Bush à tous vents

La remarque la plus choquante émise dans le sillon dévastateur de l'ouragan Katrina fut celle du président George W. Bush affirmant “je ne crois pas que quiconque ait anticipé l'effondrement des digues” qui préservaient la Nouvelle-Orléans de l'inondation. La Nouvelle-Orléans, une ville bien en-dessous du niveau de la mer, devait être protégée par des digues destinées à empêcher l'eau d'y pénétrer. L'appréhension que les digues lâchent au beau milieu d'un puissant ouragan était largement répandue parmi les scientifiques, les ingénieurs et les experts en gestion de crises. Pourtant il semble que Bush n'ait rien su de ces inquiétudes, même plusieurs jours après que le cyclone avait détruit les digues et provoqué l'inondation de la ville. 
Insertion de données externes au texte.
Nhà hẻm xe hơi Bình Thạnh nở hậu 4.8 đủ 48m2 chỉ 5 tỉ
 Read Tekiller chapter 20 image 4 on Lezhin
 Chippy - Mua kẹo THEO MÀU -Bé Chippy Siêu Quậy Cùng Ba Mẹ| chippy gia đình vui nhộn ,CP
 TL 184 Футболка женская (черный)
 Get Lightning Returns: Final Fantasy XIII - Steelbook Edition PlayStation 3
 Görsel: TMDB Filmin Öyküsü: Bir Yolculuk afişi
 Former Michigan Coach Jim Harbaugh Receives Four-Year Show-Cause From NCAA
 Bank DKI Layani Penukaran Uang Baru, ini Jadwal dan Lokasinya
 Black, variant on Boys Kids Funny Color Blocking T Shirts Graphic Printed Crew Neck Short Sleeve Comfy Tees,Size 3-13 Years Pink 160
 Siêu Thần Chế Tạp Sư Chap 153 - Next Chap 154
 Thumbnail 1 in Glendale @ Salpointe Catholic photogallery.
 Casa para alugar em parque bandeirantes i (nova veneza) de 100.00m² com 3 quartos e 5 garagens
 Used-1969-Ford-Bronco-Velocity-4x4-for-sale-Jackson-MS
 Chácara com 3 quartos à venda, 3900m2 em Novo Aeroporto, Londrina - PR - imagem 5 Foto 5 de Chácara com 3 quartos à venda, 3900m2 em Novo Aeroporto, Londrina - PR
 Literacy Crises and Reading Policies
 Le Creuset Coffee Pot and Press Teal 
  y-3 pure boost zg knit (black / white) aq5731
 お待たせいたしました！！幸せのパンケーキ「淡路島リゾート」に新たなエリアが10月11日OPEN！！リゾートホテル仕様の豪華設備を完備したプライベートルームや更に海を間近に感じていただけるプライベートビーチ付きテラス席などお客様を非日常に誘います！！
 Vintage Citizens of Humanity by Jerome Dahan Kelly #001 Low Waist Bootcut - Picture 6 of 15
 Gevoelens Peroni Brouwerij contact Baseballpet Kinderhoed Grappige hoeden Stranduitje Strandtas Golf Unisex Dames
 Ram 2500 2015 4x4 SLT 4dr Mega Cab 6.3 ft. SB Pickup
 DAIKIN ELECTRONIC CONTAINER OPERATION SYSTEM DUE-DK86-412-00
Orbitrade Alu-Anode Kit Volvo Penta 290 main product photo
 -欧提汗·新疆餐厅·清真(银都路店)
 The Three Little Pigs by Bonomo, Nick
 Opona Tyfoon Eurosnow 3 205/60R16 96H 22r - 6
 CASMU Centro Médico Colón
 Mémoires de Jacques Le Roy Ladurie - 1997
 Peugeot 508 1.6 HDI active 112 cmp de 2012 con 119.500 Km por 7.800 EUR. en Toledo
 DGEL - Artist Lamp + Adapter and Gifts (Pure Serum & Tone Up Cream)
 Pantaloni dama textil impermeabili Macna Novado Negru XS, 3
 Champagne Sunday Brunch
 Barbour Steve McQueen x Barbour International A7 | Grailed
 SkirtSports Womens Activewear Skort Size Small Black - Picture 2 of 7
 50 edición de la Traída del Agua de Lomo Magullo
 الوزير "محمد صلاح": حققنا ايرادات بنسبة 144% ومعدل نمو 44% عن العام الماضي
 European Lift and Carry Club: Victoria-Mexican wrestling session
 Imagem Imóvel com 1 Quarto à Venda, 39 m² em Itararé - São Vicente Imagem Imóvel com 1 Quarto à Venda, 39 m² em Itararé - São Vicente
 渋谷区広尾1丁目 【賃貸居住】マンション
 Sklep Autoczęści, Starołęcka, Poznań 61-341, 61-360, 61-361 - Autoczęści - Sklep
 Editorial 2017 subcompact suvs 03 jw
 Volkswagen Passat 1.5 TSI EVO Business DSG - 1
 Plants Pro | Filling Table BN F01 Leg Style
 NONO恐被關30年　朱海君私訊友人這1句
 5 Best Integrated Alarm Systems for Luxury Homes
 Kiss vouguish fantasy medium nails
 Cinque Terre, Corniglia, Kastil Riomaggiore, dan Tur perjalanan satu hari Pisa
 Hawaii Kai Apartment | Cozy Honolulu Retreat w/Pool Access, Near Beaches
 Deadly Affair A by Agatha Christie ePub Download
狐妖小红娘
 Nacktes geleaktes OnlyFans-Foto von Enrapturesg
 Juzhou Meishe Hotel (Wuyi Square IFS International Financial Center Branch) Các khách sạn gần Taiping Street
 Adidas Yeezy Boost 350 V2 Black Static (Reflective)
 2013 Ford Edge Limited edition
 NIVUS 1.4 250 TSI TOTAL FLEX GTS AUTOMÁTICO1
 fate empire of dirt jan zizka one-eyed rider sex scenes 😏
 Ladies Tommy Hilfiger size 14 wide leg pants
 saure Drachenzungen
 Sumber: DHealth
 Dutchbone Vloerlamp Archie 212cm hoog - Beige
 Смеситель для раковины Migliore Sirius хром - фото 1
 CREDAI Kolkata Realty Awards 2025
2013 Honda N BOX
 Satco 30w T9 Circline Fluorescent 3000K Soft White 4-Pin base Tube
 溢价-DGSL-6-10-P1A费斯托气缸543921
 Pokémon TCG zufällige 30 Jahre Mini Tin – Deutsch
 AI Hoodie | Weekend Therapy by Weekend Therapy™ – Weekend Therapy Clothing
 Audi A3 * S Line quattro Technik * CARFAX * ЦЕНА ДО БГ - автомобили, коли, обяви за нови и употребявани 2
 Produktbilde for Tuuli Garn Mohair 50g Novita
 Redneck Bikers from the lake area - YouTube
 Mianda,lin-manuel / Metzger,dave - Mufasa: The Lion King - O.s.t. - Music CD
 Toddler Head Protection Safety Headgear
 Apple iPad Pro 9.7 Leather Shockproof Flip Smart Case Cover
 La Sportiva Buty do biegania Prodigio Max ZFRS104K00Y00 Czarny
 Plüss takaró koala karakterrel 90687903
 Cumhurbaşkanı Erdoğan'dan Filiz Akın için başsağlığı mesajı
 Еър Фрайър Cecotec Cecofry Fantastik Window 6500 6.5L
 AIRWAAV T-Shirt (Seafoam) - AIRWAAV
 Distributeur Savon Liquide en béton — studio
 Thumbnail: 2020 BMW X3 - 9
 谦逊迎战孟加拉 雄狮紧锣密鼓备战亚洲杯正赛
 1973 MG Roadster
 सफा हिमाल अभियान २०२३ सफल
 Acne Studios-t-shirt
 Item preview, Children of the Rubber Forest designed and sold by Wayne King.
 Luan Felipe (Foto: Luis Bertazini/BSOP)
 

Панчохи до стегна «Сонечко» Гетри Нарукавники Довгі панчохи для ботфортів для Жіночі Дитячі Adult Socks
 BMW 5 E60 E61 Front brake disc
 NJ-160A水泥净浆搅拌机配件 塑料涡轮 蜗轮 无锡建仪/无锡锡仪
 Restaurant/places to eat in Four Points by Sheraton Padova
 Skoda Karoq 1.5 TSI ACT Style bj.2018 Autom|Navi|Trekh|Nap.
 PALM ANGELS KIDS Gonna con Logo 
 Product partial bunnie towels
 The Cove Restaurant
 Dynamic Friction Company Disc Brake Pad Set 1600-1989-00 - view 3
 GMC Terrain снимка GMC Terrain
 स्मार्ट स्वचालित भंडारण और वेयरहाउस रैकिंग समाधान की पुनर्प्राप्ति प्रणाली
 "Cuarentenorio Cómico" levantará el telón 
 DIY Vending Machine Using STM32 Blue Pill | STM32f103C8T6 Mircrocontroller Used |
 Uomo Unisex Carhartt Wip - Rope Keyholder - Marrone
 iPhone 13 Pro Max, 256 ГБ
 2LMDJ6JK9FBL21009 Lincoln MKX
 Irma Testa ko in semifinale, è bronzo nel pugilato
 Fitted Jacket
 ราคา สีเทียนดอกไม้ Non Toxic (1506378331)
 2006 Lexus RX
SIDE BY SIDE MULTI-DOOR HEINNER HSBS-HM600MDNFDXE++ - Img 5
Cela laisse apparaître un phénomène assez simple, qui va bien au-delà de cet ouragan en particulier, et même de ce président en particulier. Dans la vie politique américaine, il existe un profond décalage entre les connaissances scientifiques et les décisions politiques. Bush en porte la plus grande part de responsabilité. Il a prouvé qu'il était le président américain le moins informé en sciences, et l'un des plus prompts à transformer la science en problème politique.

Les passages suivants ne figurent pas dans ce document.